Background: Growing evidence shows an association between higher post-PCI quantitative flow ratios (QFR) and improved clinical prognosis, however, no models are available to predict suboptimal QFRs (< 0.91) after angiographically successful PCI. This study aims to establish a prediction nomogram for this domain.
Methods: This study included 450 vessels derived from 421 consecutive patients enrolled in the PIONEER IV trial, which were randomly assigned in a 1:1 ratio to a training (N = 225) and internal validation (N = 225) set, with external validation performed in 97 vessels from 95 consecutive patients enrolled in the ASET Japan trial. LASSO regression was used for optimal feature selection, and multivariate logistic regression was subsequently utilized to construct the nomogram. The performance of the nomograms was assessed and validated by area under the receiver operating characteristics curve (AUC), calibration curves, decision curve analysis, and clinical impact curves.

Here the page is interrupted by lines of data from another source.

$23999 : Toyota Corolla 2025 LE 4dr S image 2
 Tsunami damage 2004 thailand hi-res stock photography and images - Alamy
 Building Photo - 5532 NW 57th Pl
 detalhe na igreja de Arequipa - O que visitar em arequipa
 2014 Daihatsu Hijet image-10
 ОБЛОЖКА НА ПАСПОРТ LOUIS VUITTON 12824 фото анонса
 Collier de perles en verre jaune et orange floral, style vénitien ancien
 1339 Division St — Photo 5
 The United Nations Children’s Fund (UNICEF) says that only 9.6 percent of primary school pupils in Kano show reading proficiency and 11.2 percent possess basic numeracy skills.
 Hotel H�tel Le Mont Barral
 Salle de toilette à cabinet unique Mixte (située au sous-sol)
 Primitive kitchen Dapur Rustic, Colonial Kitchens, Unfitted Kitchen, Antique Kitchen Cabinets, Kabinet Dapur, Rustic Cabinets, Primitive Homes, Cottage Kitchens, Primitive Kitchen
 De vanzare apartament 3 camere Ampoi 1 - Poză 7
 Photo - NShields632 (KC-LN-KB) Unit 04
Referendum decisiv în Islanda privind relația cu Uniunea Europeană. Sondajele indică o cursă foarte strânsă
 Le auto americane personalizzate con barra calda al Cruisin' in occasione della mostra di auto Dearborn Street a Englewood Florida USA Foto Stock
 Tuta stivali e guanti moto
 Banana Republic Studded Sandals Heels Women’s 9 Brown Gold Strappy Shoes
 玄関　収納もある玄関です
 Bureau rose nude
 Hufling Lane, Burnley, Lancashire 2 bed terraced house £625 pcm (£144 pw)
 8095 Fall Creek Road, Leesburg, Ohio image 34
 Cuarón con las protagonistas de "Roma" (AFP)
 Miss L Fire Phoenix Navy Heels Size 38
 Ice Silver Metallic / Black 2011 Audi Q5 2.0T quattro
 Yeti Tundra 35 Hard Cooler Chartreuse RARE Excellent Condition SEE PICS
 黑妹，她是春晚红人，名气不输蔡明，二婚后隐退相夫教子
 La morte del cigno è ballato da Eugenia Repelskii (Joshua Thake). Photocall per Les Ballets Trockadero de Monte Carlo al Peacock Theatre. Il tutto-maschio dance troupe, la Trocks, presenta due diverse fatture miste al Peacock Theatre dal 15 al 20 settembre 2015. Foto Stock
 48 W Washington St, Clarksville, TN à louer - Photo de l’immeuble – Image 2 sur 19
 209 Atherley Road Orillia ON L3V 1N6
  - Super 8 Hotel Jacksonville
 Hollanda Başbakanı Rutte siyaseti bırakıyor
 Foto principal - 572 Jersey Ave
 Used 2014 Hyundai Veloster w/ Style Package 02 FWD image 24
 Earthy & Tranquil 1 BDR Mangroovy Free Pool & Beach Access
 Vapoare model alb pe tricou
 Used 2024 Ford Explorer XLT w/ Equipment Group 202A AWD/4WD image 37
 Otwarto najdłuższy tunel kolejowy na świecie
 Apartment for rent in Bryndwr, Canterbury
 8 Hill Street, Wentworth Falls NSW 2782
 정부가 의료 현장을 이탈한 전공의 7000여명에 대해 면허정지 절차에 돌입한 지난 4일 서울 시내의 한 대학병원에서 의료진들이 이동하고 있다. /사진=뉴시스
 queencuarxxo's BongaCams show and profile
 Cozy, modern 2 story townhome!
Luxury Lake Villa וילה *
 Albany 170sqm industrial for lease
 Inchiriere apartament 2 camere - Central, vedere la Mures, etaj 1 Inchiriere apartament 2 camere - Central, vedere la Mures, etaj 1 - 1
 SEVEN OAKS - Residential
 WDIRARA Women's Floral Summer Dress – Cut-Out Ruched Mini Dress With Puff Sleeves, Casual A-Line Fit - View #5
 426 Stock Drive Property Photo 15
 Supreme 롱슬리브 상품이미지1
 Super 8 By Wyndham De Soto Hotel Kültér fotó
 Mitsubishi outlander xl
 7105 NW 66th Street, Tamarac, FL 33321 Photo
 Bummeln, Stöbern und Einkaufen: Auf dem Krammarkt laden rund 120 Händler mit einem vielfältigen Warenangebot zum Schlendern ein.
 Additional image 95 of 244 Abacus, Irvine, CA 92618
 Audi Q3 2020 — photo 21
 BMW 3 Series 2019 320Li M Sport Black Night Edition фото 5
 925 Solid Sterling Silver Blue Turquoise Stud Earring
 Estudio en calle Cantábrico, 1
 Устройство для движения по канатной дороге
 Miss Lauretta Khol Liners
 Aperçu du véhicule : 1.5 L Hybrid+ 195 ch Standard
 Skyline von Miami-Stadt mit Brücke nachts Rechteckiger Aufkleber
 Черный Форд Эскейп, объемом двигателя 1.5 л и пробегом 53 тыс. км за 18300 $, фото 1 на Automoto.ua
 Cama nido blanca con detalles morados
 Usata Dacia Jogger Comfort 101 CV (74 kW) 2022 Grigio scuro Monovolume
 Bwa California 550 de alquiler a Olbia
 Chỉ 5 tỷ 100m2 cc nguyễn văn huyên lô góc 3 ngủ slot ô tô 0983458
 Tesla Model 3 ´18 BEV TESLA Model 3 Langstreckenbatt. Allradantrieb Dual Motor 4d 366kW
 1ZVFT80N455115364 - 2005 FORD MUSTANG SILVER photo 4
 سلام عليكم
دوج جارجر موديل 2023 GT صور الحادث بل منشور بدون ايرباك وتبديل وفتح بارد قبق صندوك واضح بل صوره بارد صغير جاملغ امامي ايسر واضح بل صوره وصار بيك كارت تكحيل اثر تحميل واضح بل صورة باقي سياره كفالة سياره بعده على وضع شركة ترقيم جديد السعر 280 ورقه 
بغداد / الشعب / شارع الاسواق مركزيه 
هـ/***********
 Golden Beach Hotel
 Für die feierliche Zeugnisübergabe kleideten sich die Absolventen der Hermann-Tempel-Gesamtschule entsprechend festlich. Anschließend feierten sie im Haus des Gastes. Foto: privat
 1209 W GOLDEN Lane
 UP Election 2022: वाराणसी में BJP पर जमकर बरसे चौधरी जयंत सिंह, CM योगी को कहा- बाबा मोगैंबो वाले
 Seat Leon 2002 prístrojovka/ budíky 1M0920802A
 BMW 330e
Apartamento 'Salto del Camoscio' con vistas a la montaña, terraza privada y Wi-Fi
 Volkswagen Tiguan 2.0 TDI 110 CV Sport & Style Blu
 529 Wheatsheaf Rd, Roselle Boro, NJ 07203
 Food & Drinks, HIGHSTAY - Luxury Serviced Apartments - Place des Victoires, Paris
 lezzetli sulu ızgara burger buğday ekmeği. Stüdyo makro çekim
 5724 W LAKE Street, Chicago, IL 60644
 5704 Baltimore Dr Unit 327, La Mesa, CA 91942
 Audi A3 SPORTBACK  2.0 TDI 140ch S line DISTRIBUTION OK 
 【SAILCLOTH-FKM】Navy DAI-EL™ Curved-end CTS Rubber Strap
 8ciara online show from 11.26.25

Results: The nomogram was constructed incorporating a novel metric, quantitative flow ratio derived pullback pressure gradient (QFR-PPG), alongside four conventional parameters: left anterior descending artery disease, pre-procedural QFR, reference vessel diameter, and percent diameter stenosis. AUCs of the nomogram were 0.866 (95%CI:0.818-0.914), 0.784 (95% CI:0.722-0.847), and 0.781 (95% CI:0.682-0.879) in the training, internal validation and external validation sets, respectively. Bias-corrected curves revealed a strong consistency between actual observations and prediction.
Conclusion: The risk of a suboptimal post-PCI QFR in patients after angiographically successful PCI can be effectively predicted using a nomogram incorporating five variables available pre-PCI, with its performance and clinical predictive value confirming its utility in helping clinicians with decision-making and planning revascularization.
Trial registration: Registered on clinicaltrial.gov (NCT04923191 and NCT05117866).